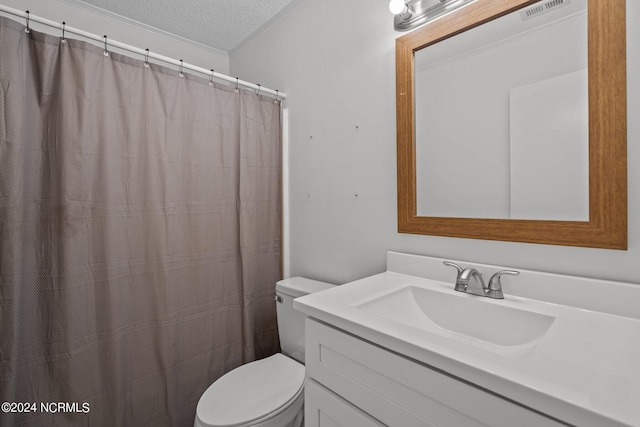 bathroom featuring vanity, toilet, and a textured ceiling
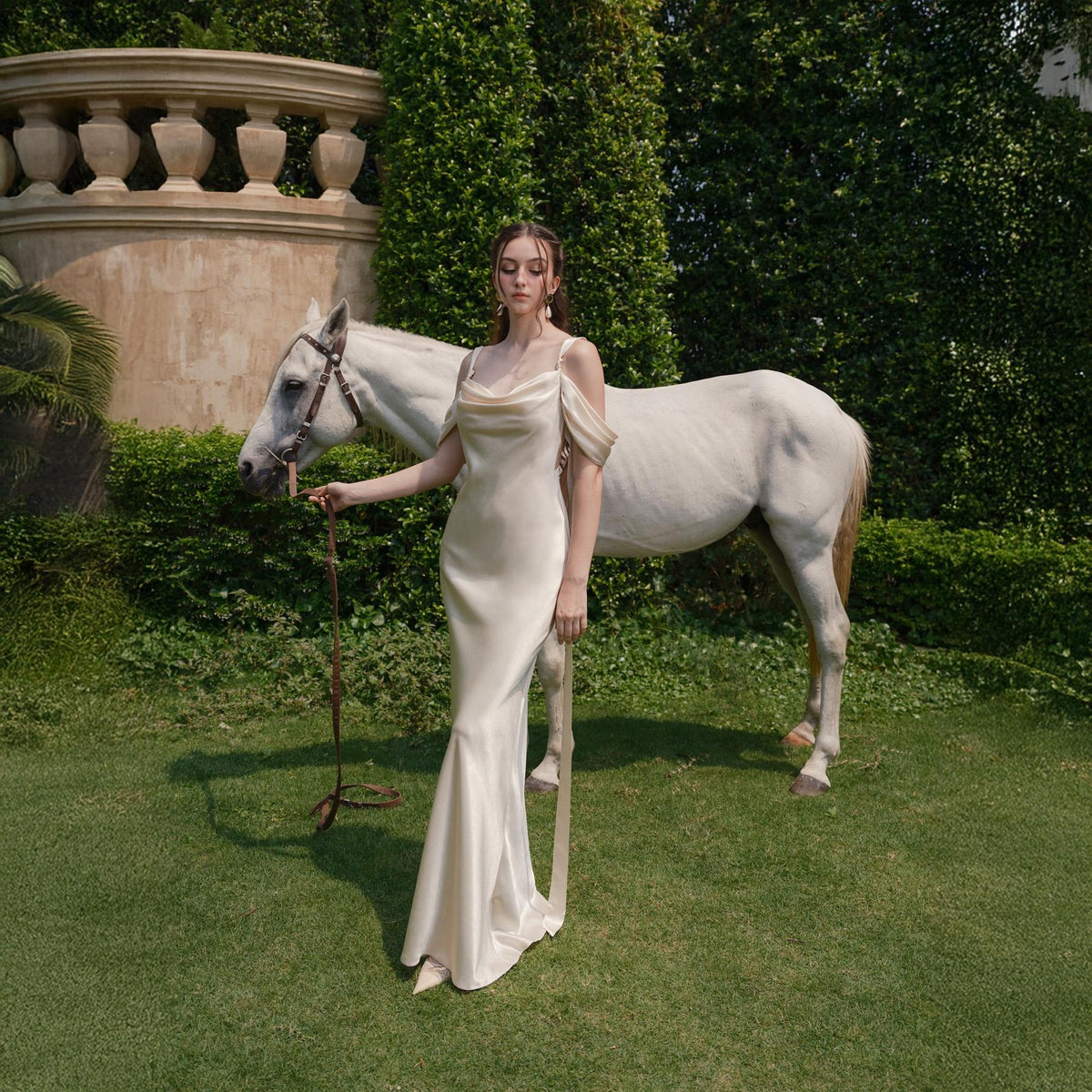 May include: A cream-colored, floor-length dress with a cowl neckline and spaghetti straps. The dress is worn by a person standing next to a white horse. The scene is set outdoors with green grass and foliage.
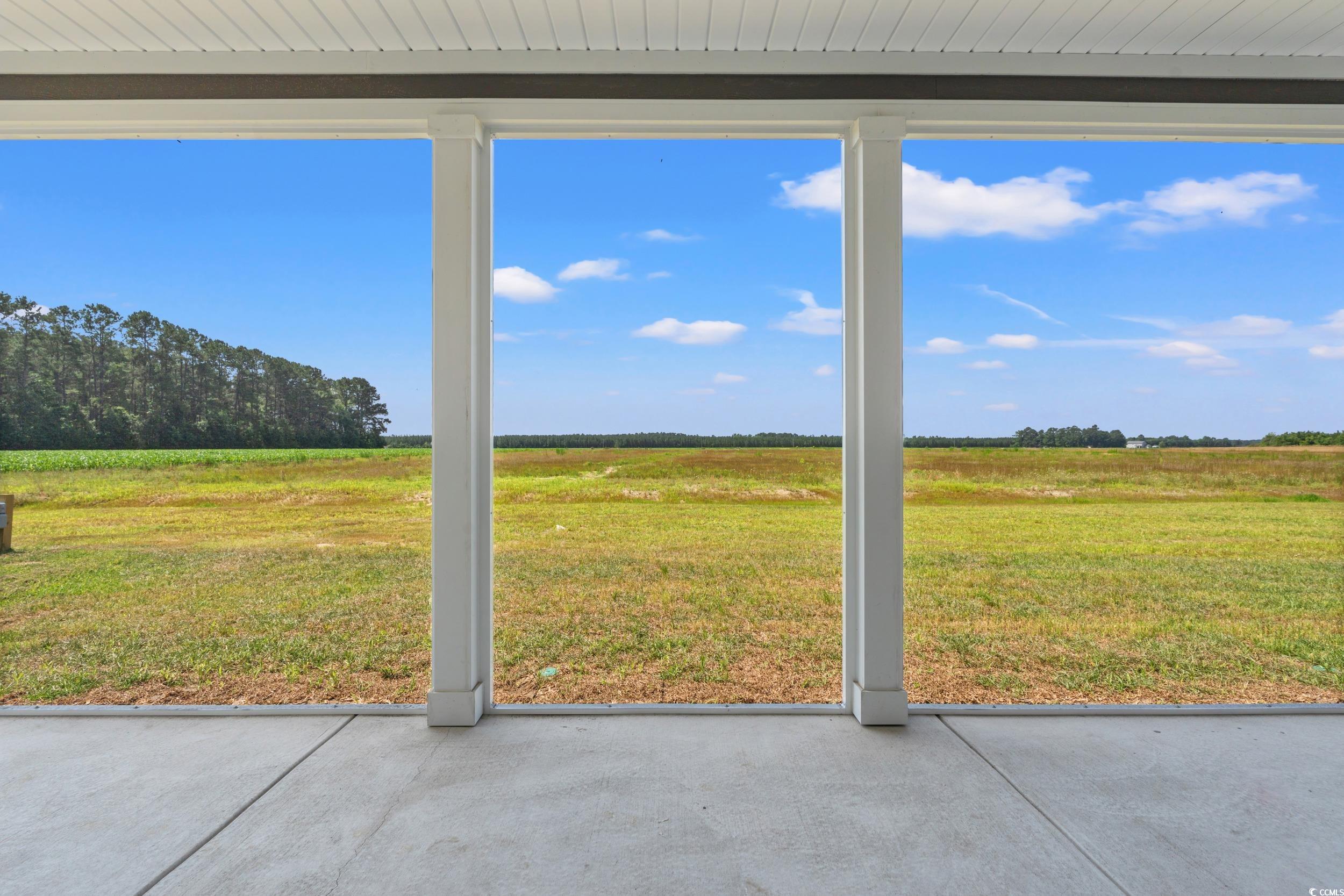 4022 Macks Road Aynor, SC 29511 - Photo 26 of 35 Unfurnished sunroom with a view of countryside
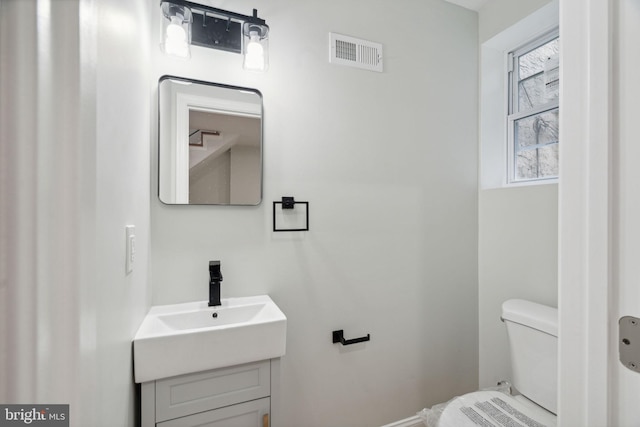 bathroom featuring vanity and toilet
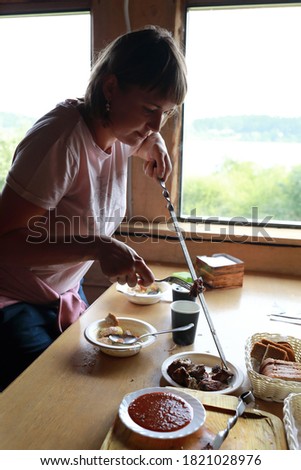 Woman removes meat from skewer in restaurant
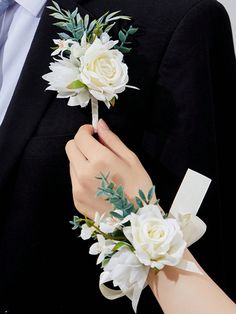 a man and woman wearing boutonnieres with white flowers on their lapels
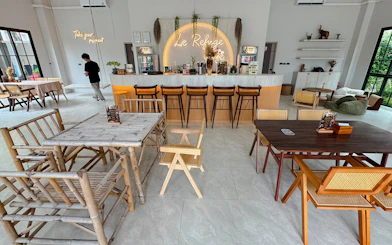 Le Refuge café interior with bamboo furniture and bar in Pattaya.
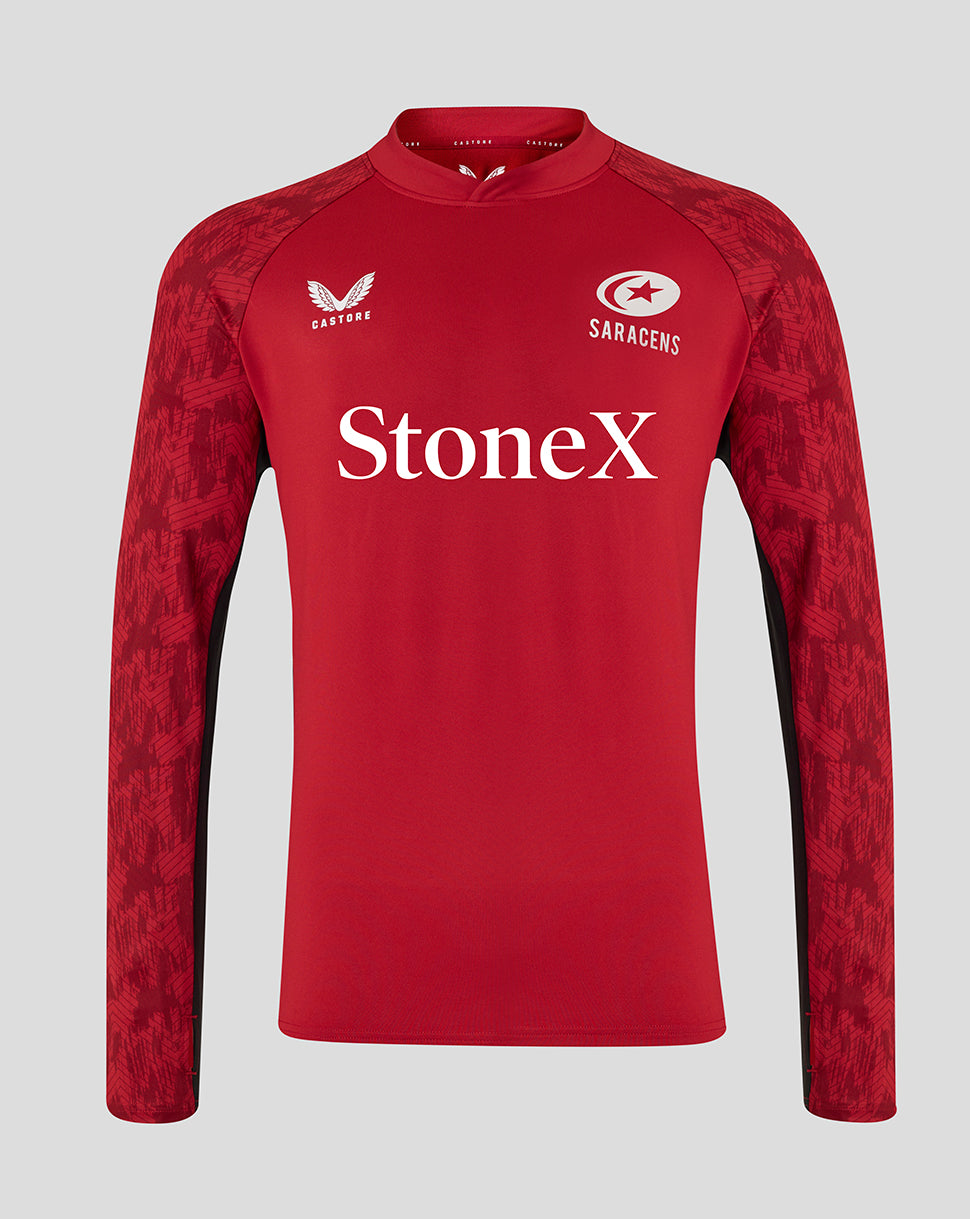 Front view of red Saracens training drill top with patterned sleeves and Castore logo on left chest and Saracens crest on right.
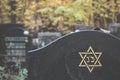 Old jewish cemetery, funeral and burial of a Jew. A grave with a stone with hexagram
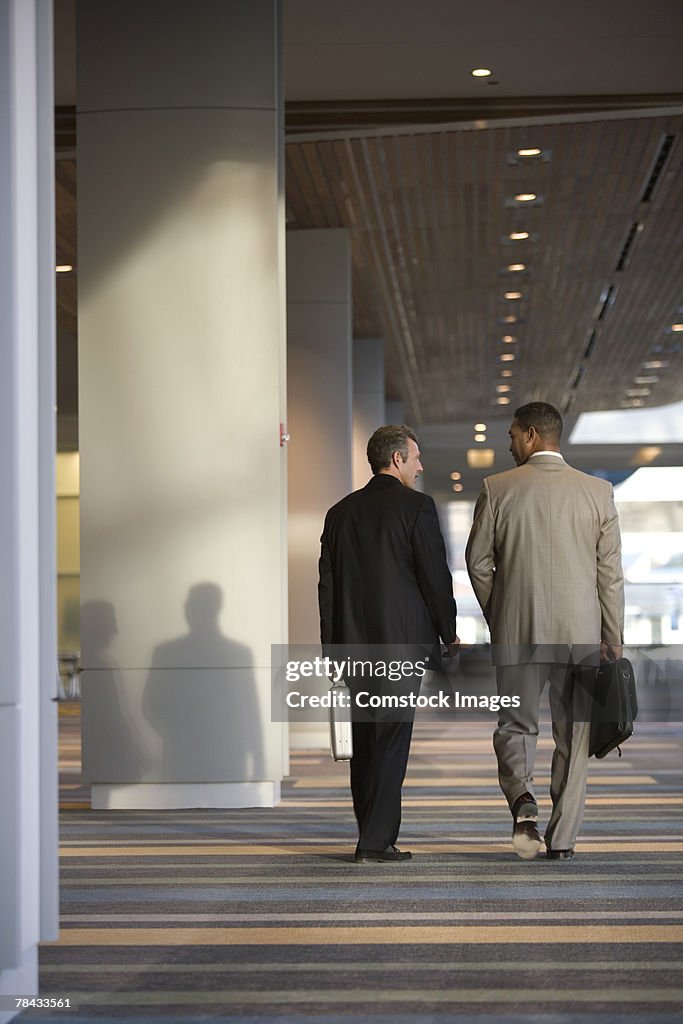 Businessmen walking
━━━━━━━━━━━━━━━━━━━━━━━━━━━━━━
Reproduce all the data as it stands. The pictures are not part of the copy.

 bathroom featuring vanity, toilet, and a textured ceiling
 May include: A cream-colored, floor-length dress with a cowl neckline and spaghetti straps. The dress is worn by a person standing next to a white horse. The scene is set outdoors with green grass and foliage.
 4022 Macks Road Aynor, SC 29511 - Photo 26 of 35 Unfurnished sunroom with a view of countryside
 bathroom featuring vanity and toilet
 Woman removes meat from skewer in restaurant
 a man and woman wearing boutonnieres with white flowers on their lapels
 Le Refuge café interior with bamboo furniture and bar in Pattaya.
 Front view of red Saracens training drill top with patterned sleeves and Castore logo on left chest and Saracens crest on right.
 Old jewish cemetery, funeral and burial of a Jew. A grave with a stone with hexagram
 Businessmen walking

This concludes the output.